Ainsi, pour Système U, si l’objectif était en 2011 d’atteindre 600 drives avant 2015, cette ambition a été revue à la hausse avec désormais un objectif affiché de 1 000 drives pour 2015. Même chose chez Leclerc qui fin 2011 prévoyait un parc sous son enseigne de 400 drives en 2015, un chiffre atteint fin 2012 qui a été réévalué du coup à 600 drives Leclerc pour 2015. Face à cette explosion des unités en drive, deux grandes questions se posent pour demain. La première tient à la nécessaire adaptation de la grande distribution, la seconde tient à la nécessaire adaptation de la loi.

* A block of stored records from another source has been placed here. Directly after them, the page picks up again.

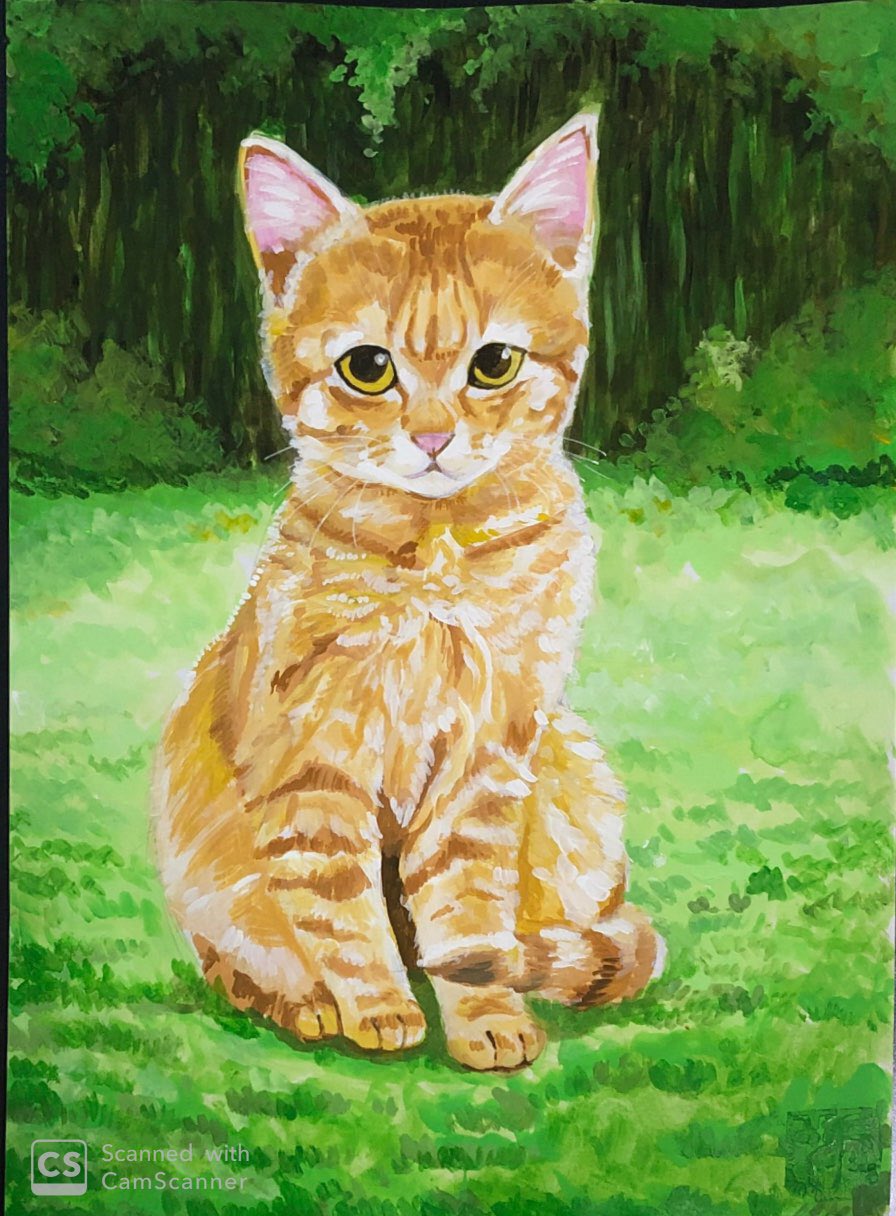 アクリル画 桟橋の猫 A2の通販 by ghost painter's shop｜ラクマ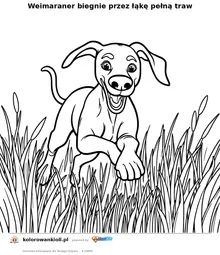 Weimaraner biegnie przez łąkę pełną traw — kolorowanka do wydruku dla dzieci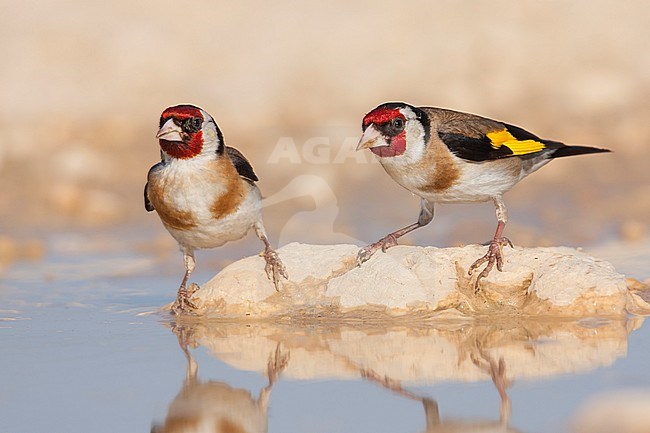 European Goldfinch, Putter,  Carduelis carduelis ssp. balcanica, Croatia, adult male stock-image by Agami/Ralph Martin,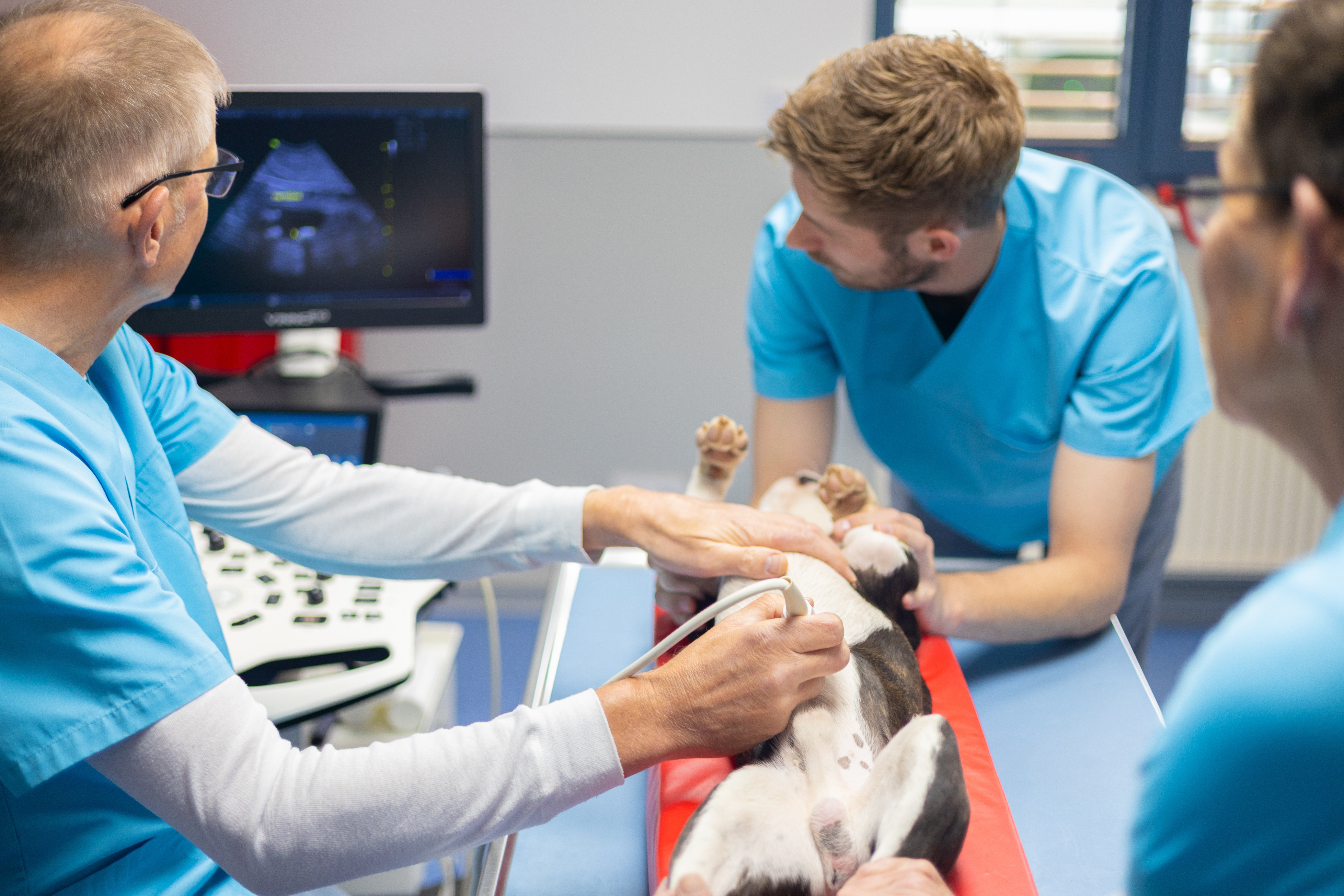 In einer Tierarztpraxis wird ein Hund von zwei Tierärzten untersucht.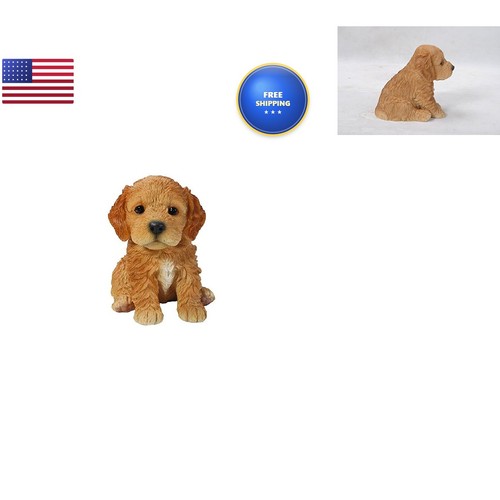 Line sitting cockapoo - sitting,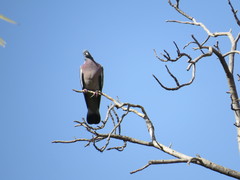 Columba palumbus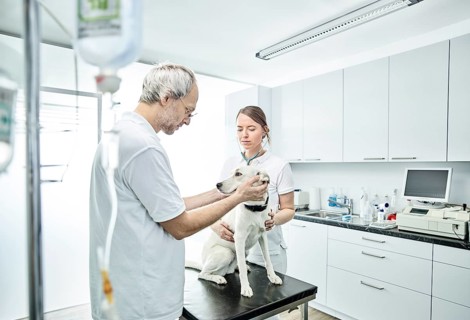 Vets examining dog in veterinary practice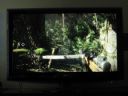 Battlefield: 2 & Bad Company 2 PC - [cz�� 186] - Beta ko�czy si� 25.II. - _MaZZeo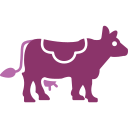 vaca icon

Le drive, une nouvelle donne pour la grande distribution
Acheter sur internet et retirer sa commande à l'arrière d'un magasin ou dans un entrepôt dédié implique pour la grande distribution un vrai bouleversement des habitudes. En effet, toutes les études le prouvent, les ménages qui consomment via le système du drive le font principalement pour gagner du temps mais aussi pour mieux maîtriser leurs budgets. De fait, en court-circuitant les déplacements en magasin, les consommateurs se limitent au strict nécessaire, ils ne sont plus tentés par les propositions en rayons. Ce manque à gagner sur les achats impulsifs va devoir être compensé par une montée en gamme des références disponibles en drive. Cela suffira-t-il ? Pas si sûr. En effet, si les clients drive réclament clairement plus de choix dans les rayons virtuels, il n'est pas dit que ce plus de choix va forcément booster les ventes impulsives.

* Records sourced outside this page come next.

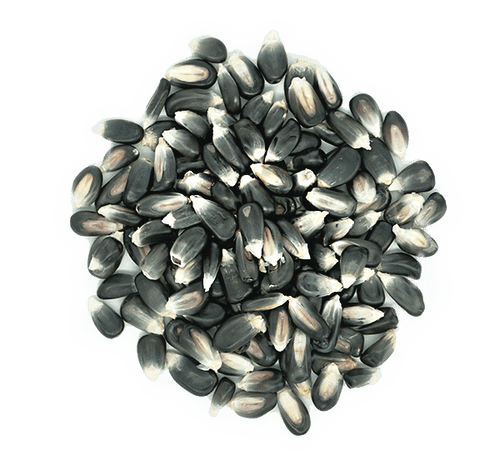 Premium Blue Corn – San Jose Farms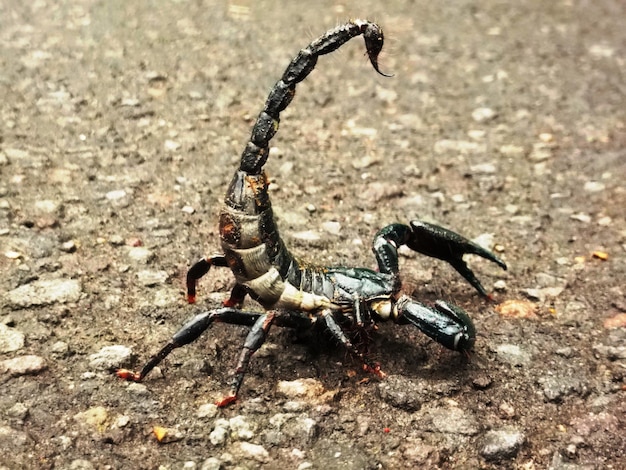 Photo close-up of scorpion on ground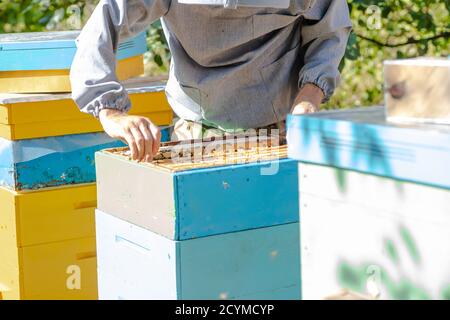 Apiculteur travaille avec des abeilles et des ruches sur l'apiaire. Abeilles en nid d'abeille. Cadres de ruche d'abeille. Apiculture. Miel. Banque D'Images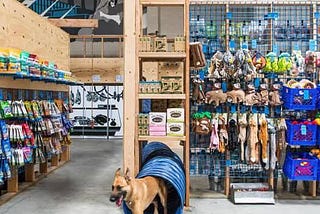 🐾 Revolutionizing Pet Store Management: How AI is Changing the Game 🐾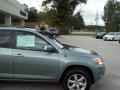 Everglade Metallic - RAV4 Limited Photo No. 12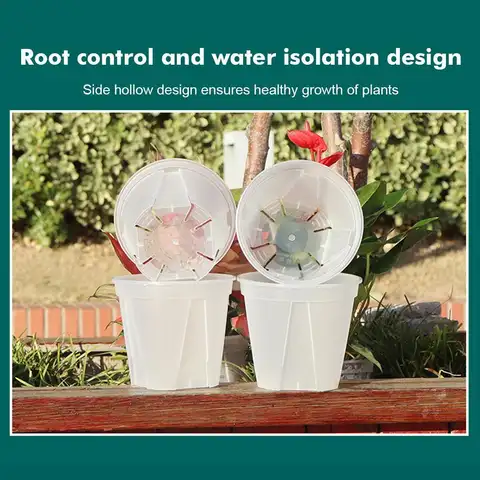구멍이 있는 투명 플라스틱 난초 화분, 다육 식물, 통기성 뿌리 제어 대야, 녹색 산 대야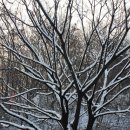 강서회관 이미지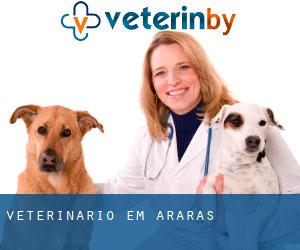 veterinário em Araras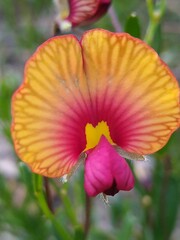 Isotropis cuneifolia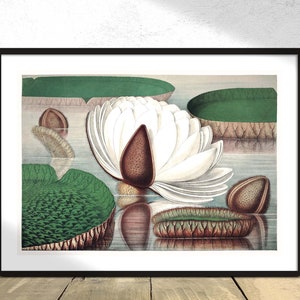 May include: A vintage botanical illustration of a white water lily with green lily pads and brown seed pods. The lily is in bloom and has a large, white flower with a brown center. The lily pads are green and have a textured surface. The seed pods are brown and have a rough surface.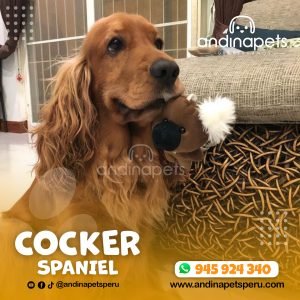 COCKER SPANIEL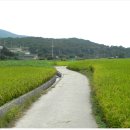 대안3길 이미지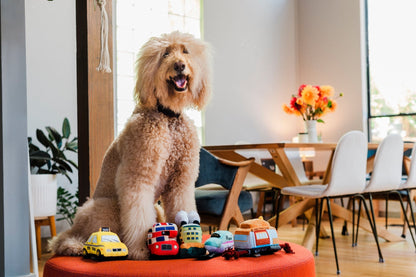 Canine Commute Express Train - Pet Supplier Store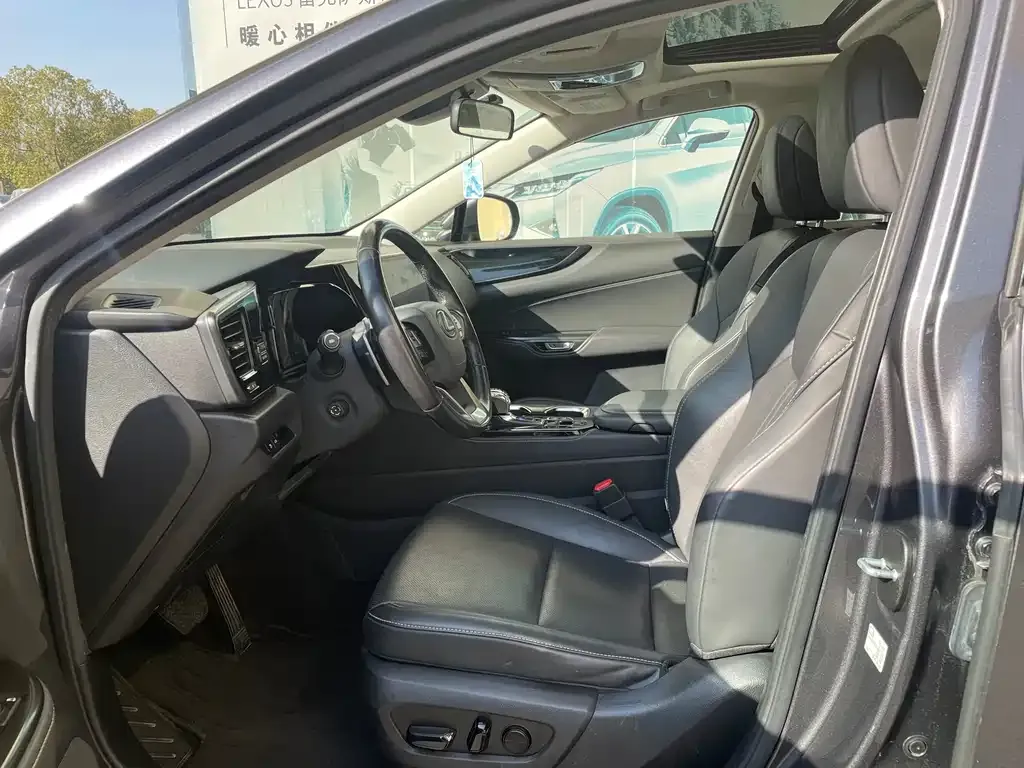 Lexus NX New Energy 2022 из CN, фото 6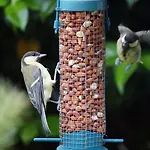 Bed & Breakfast Ivy Cill Airne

De plus, le fait d'aller faire ses courses sur internet gomme les différences entre les distributeurs. A distance égale du domicile entre deux enseignes, l'internaute peut facilement décider de dispatcher ses commandes entre les enseignes concurrentes en fonction du prix. Et la comparaison des prix sur internet est un jeu d'enfant ! Face à ces nouvelles habitudes des consommateurs, la grande distribution va devoir nécessairement s'adapter à cette nouvelle donne ! Un sujet sensible sur lequel LSA propose le 18 décembre prochain d'apporter quelques éléments d'éclairage lors d'une conférence organisée à Paris qui réunira les principaux acteurs de ce nouveau marché.

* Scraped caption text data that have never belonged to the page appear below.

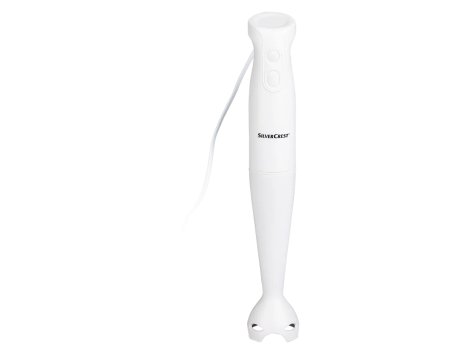 Frullatore ad immersione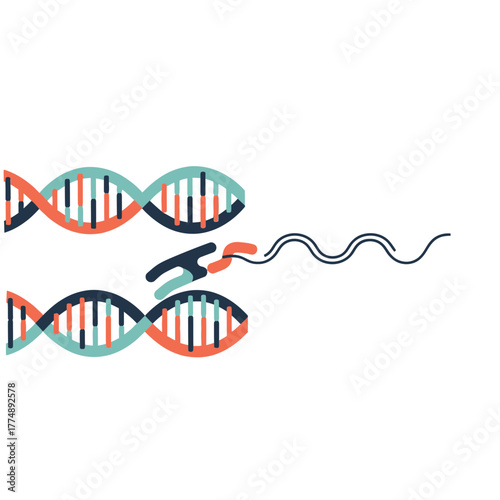 DNA strands being manipulated by a tool and a separate strand.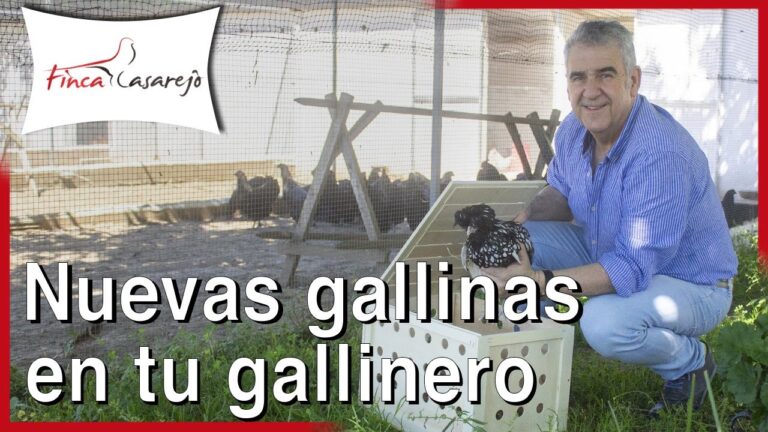 Descubre el límite de gallinas permitido sin declaración en Galicia: ¡No te quedes sin saber!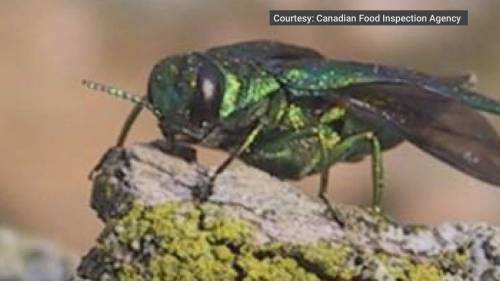 Ash tree-killing beetle surfaces in Vancouver [Video]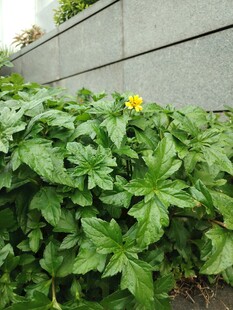 绿叶间的黄色小花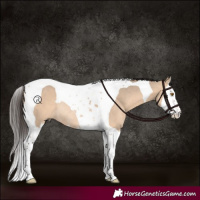 Horse Color:Bay Dun Splash Tobiano Rabicano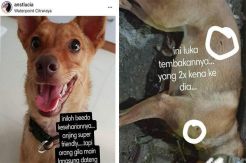 Tembaki Anjing dengan Senapan Angin hingga Mati, Pria Ini Jadi Tersangka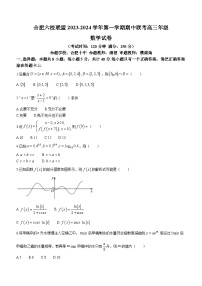 安徽省合肥市六校联盟2023-2024学年高三上学期期中联考数学试题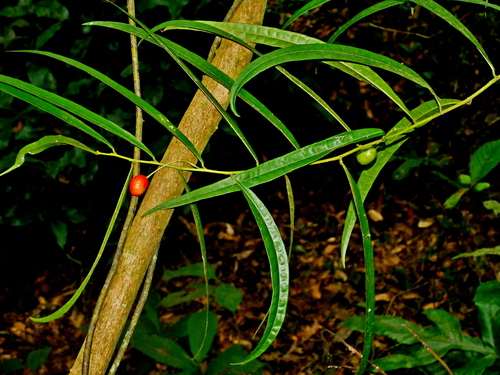 Capparis acutifolia (Capparis acutifolia)
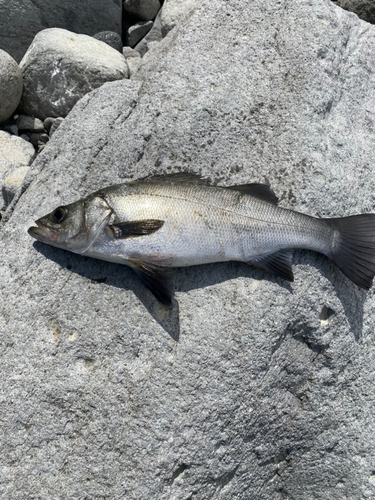 ヒラスズキの釣果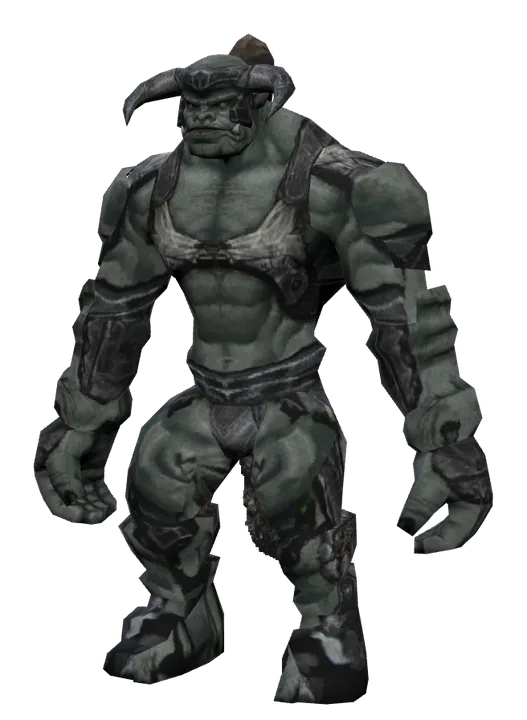 Fanatic Soldier in Lineage 2 C3: Rise of Darkness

Le drive biaise l'équilibre de l'urbanisme commercial
Contrairement aux hypermarchés et supermarchés, les drives comme les magasins de moins de 1 000 mètres carrés d'ailleurs, ne sont pas soumis au passage devant les Commissions départementales d’équipement commercial. Les drives échappent de plus à la Tascom, la taxe sur les commerces. Face à l'explosion de ce modèle, la ministre du Commerce, Sylvia Pinel a annoncé récemment lors d'une séance de la Commission des Affaires économiques que des ajustements de la loi étaient d'ores et déjà dans les tuyaux. En effet selon la ministre, en matière d’urbanisme commercial, « des ajustements sont nécessaires, certains dispositifs comme le drive doivent être pris en considération car on observe leur installation rapide sur tout le territoire, et ces entrepôts ne sont pas pris en compte. Or, il faut articuler la loi sur l’urbanisme commercial avec l’aménagement du territoire, c’est essentiel pour assurer un développement harmonieux de tous les territoires ». Si pour l'instant aucune échéance n'est encore évoquée par la ministre, il est fort probable que la loi ad hoc sur le drive pourrait être incluse dans le cadre de la loi sur l’urbanisme dont l'examen est prévu début 2013.